一方、「強いドル」に関しては、「日米の金融政策の違い」と「日本の貿易赤字が定着するとの観測」が主因です。
「日米の金融政策の違い」に関しては、例えば、ニューヨーク連銀のウィリアムズ総裁は3月25日、今後のFOMCでの利上げ幅について「0.5%の引き上げが適切であれば、そうすべきだ」と語りました。パウエル議長らFRB高官からインフレ抑制に向けた0.5%の利上げの必要性を示唆する発言が相次ぎ、ウィリアムズ総裁も同様の趣旨の発言をしたため、米国の金融市場はFRBの急ピッチの利上げを織り込み続けているのです。
一方、日銀は長期金利の上昇を抑えるために一定期間にわたって決まった利回りで国債を無制限に買う「連続指し値オペ(公開市場操作)」を初めて実施しました。「連続指し値オペ」は3月29~31日の3日間にわたって行われ、長期金利をレンジの上限である0.25%以下に抑えます。
このように、日銀とFRBの金融政策が「真逆」であるため、将来の日米金利差の拡大を見込んだ円売り・ドル買いの流れは続きやすいのです。
また、「日本の貿易赤字が定着するとの観測」に関してですが、原油などエネルギー資源を輸入に頼る日本は、足元の資源価格の高止まりで急速に貿易赤字が増えています。そしてそれは「そう簡単には解消しない」との観測が強まっているのです。これは当然、通貨安材料(円安材料)になります。
このような状況下、3月28日の外国為替市場では円相場が急落し、一時は2015年8月以来の1ドル=125円台をつける場面がありました。この円安・ドル高の進行は、日本の外需型製造業を中心に業績向上につながります。製造業の想定為替レートはおおむね1ドル=110円程度ですから、外需型製造業の業績上振れへの期待が高まっています。つまり、円安メリットを受ける企業群の株価が上昇し、ここまでの日経平均株価の上昇に大きく寄与したのです。
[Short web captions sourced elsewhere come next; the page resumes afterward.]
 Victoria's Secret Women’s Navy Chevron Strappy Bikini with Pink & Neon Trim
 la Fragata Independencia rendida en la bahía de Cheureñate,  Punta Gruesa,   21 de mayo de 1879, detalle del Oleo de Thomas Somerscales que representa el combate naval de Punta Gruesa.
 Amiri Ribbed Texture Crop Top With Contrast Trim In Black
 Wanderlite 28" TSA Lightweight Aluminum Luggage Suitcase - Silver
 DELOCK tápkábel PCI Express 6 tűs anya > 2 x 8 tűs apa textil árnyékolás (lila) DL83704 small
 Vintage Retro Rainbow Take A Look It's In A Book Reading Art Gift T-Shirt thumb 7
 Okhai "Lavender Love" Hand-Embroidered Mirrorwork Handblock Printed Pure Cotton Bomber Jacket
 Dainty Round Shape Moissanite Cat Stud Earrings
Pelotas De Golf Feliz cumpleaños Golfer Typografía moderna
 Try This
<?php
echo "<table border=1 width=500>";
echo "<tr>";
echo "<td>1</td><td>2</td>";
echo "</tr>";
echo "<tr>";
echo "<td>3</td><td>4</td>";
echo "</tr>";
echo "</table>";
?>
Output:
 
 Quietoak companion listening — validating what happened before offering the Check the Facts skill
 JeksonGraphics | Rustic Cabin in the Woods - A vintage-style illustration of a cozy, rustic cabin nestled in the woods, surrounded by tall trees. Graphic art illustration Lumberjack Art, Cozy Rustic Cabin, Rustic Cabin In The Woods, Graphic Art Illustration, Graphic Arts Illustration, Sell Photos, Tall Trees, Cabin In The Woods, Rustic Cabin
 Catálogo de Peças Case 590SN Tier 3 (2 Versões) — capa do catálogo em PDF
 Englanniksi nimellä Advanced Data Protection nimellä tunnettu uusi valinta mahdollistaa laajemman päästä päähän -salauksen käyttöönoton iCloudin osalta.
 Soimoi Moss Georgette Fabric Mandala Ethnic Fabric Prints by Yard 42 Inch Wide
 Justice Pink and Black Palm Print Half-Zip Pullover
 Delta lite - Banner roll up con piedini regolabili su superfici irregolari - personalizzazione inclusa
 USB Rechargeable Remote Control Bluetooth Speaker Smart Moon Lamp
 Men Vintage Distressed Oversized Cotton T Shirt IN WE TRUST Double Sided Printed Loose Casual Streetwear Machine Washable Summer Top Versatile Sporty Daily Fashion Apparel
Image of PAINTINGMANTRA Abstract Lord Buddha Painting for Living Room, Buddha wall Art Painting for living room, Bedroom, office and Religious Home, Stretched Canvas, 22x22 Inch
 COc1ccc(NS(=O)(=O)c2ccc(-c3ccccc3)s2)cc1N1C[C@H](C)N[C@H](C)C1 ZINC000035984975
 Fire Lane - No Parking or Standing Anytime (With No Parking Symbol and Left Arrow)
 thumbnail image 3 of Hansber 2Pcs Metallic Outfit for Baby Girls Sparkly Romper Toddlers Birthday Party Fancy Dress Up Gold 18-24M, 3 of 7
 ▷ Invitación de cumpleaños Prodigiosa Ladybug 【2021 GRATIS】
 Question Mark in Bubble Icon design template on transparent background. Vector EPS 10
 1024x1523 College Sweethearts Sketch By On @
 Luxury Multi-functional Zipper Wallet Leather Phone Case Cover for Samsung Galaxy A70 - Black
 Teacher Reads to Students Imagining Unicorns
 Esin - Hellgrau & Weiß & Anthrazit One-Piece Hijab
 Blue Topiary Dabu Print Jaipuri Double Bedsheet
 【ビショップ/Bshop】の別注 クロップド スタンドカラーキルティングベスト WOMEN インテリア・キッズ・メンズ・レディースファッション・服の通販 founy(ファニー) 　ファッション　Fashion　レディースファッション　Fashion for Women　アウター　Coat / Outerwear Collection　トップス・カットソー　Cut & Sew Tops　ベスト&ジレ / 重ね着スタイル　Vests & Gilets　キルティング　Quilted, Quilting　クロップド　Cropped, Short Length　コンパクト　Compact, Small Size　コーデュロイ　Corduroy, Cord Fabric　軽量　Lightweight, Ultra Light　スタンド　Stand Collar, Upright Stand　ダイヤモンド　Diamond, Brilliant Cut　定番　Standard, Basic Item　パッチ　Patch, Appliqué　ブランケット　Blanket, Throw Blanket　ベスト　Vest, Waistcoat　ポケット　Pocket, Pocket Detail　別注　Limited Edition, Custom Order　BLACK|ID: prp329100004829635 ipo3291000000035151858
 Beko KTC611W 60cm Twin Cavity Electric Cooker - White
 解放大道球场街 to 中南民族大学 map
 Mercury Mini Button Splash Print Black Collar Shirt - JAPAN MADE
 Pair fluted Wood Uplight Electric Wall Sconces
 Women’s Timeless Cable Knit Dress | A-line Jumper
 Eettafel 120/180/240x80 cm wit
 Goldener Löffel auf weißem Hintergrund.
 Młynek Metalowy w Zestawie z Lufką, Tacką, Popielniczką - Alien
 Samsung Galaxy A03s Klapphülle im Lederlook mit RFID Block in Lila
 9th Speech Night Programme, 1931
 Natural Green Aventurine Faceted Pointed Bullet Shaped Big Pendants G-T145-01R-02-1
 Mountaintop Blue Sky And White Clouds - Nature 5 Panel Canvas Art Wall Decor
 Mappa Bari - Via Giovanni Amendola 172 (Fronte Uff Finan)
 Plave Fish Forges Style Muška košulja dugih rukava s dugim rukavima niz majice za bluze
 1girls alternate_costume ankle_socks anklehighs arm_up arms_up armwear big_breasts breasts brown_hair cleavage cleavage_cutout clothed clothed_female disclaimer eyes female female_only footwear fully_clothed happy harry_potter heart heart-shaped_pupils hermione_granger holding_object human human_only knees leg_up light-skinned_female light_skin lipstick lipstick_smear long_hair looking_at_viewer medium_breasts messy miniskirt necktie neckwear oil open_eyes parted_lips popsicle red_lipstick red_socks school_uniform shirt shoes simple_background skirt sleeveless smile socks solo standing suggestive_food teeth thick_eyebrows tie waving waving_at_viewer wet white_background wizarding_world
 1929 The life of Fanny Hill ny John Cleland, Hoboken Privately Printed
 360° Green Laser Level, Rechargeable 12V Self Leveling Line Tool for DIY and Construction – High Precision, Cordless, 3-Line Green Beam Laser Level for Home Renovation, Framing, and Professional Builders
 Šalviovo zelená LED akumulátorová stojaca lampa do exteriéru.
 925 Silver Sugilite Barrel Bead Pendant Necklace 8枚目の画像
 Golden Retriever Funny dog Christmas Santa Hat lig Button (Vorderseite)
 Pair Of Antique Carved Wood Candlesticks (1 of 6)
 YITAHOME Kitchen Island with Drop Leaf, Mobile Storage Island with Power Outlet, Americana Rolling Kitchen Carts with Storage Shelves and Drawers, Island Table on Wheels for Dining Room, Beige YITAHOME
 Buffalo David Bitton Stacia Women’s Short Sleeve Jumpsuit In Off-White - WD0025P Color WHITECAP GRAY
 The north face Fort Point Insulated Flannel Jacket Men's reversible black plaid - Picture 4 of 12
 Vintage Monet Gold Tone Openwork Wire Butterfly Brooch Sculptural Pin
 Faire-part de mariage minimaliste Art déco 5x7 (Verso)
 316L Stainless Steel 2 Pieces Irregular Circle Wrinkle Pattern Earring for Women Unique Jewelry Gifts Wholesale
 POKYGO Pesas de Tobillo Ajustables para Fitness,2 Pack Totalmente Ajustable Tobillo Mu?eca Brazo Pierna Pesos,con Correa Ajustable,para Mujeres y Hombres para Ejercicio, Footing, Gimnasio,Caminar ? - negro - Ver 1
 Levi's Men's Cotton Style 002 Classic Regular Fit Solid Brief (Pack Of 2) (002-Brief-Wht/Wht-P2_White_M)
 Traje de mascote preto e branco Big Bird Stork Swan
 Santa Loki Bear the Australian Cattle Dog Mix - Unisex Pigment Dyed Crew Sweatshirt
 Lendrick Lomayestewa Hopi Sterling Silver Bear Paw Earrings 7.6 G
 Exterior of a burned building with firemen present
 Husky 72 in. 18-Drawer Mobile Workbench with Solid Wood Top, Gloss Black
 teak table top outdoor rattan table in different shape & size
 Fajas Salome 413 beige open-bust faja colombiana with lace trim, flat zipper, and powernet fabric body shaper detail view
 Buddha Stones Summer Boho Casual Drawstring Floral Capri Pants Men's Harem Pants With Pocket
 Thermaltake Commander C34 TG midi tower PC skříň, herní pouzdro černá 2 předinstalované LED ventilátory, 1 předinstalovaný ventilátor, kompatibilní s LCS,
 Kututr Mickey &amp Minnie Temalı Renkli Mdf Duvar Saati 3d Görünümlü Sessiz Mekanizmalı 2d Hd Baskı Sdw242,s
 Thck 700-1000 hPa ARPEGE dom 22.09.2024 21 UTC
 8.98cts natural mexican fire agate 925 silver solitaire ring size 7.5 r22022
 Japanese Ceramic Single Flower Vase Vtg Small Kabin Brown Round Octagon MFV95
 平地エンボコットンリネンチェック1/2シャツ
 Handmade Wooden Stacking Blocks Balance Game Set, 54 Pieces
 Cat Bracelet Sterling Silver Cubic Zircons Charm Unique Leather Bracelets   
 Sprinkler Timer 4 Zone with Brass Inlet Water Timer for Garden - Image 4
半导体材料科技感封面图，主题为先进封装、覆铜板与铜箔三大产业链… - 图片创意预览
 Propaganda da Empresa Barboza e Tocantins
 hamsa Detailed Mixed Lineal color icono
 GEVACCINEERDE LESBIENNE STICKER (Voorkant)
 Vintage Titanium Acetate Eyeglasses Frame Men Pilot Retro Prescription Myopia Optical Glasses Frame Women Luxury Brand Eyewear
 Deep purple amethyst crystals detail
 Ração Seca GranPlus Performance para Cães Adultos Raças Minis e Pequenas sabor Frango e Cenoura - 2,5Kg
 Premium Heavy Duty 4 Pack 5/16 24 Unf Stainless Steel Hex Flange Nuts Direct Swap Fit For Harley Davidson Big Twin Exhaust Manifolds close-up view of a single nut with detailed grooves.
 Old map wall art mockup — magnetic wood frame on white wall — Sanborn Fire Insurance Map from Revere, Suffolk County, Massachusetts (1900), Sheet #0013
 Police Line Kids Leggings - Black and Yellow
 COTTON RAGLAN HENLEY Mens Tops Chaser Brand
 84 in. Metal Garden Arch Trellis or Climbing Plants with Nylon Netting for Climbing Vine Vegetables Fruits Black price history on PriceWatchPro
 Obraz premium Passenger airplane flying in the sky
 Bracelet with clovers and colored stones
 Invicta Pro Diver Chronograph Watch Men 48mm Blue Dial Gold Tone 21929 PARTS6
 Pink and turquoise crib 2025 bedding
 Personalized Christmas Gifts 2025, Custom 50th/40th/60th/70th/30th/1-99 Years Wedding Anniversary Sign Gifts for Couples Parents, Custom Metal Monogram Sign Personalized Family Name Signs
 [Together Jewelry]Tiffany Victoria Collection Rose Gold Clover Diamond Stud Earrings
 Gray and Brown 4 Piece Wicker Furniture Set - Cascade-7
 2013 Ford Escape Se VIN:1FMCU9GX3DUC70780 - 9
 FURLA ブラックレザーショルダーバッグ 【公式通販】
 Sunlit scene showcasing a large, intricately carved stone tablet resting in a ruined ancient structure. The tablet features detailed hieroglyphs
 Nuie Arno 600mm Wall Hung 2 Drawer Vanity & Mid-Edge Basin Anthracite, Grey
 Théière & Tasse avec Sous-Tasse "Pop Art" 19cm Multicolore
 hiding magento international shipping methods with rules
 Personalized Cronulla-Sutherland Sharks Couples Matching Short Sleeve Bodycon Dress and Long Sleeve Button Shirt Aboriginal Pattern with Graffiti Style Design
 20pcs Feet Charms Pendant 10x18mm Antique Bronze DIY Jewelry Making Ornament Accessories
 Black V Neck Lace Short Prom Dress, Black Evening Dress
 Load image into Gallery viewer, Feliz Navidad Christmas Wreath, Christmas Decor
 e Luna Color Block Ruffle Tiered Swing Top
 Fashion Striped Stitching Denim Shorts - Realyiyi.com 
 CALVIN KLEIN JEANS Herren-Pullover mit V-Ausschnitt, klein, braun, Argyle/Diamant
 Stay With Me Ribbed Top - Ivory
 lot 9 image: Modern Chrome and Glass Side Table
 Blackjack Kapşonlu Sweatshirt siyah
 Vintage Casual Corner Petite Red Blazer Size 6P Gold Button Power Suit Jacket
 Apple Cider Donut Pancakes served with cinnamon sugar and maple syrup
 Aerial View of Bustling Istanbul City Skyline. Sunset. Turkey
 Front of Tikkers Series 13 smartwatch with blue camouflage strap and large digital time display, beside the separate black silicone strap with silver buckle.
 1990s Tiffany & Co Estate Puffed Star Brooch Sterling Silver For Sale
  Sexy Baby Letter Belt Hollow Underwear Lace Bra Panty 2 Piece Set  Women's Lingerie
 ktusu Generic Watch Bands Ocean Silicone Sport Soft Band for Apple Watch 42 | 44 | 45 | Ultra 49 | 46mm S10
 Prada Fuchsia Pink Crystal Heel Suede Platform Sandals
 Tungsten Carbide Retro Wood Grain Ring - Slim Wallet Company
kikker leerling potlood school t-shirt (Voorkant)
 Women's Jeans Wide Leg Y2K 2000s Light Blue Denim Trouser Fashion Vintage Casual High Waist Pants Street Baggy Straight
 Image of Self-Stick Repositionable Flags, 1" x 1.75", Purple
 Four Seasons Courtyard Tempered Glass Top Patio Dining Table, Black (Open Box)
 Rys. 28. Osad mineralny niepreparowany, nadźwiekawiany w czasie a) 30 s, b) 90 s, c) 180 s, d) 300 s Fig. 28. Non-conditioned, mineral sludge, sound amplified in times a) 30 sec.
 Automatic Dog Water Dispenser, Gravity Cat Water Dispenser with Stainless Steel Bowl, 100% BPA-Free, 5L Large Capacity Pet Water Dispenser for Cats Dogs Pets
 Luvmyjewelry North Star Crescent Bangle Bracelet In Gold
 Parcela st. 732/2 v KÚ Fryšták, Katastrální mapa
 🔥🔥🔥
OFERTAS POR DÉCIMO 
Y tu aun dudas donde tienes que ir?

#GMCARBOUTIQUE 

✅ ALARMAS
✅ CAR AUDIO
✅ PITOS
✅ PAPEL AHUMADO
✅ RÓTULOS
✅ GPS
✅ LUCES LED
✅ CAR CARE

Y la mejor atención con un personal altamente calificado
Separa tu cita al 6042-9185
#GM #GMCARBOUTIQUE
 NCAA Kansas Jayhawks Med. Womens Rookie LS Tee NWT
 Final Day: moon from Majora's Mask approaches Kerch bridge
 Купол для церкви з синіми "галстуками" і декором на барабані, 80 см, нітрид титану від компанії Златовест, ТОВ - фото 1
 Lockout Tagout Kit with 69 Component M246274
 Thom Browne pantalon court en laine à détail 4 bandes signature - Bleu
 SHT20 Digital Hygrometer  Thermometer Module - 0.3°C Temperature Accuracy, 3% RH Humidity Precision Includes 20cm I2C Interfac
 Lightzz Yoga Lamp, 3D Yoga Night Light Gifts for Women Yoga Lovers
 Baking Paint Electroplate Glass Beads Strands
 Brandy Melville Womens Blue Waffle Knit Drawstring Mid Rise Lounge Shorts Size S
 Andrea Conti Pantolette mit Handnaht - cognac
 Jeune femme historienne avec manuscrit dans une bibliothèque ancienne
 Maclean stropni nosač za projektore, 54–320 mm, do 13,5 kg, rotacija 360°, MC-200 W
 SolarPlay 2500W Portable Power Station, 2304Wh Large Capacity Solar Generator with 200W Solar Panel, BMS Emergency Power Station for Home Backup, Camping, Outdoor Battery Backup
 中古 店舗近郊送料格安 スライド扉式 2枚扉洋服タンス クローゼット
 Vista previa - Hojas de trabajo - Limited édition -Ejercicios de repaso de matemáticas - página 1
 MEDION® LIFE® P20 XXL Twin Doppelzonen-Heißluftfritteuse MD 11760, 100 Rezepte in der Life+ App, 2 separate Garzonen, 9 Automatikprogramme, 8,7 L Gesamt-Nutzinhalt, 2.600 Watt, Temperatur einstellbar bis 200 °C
4月以降も日経平均株価が上昇を続ける可能性はあるものの、
調整入りする可能性も高いので、相場に臨む際は慎重なスタンスで
さて、今後の展開ですが、想定外の悪材料が飛び出さない限り、「強い米国株」と「強いドル」は続くと見ています。
しかし、3月29日は3月末配当の権利付き最終売買日です。翌日からは配当狙いの買いはほぼ入りません。とりわけ、権利落ちで高配当株への資金流入が鈍る可能性が高そうです。
ちなみに、日経平均株価の配当落ちの影響は237円程度と見られています。また、1兆円規模の配当再投資に絡む先物買い需要も、おそらく月内で一巡することでしょう。よって、これら年度末特有の買い需要は月内で消滅します。
3月の相場急騰を受け、新年度入りしてからは、まずは国内機関投資家からの「益出し売り」の加速が危惧されます。そこを考えると、名実ともに新年度入りする4月1日前後から、日本株が調整入りする可能性が高そうです。
また、4月下旬から本格化する主力の3月決算企業の決算発表内容を見極めたいというムードも強まりそうです。なぜなら、「半導体不足の影響」や「エネルギー・資源価格の高騰と高止まり」、さらには「強烈な円安」など、企業業績に大きな影響を及ぼす要因があまりにも多く存在しているからです。
もちろん、足元の日本株のモメンタムは良好です。新年度入りしても、このままグイグイと上値を追う可能性は低くはありません。その場合、「新年度スタートの調整シナリオ」は杞憂に終わるでしょう。
それでも、現時点では、新年度入り直後から相場が調整入りしても大きな損失を被らないように、慎重な運用計画で相場に臨むことをおすすめします。「山高ければ谷深し」という言葉を忘れないようにしましょう。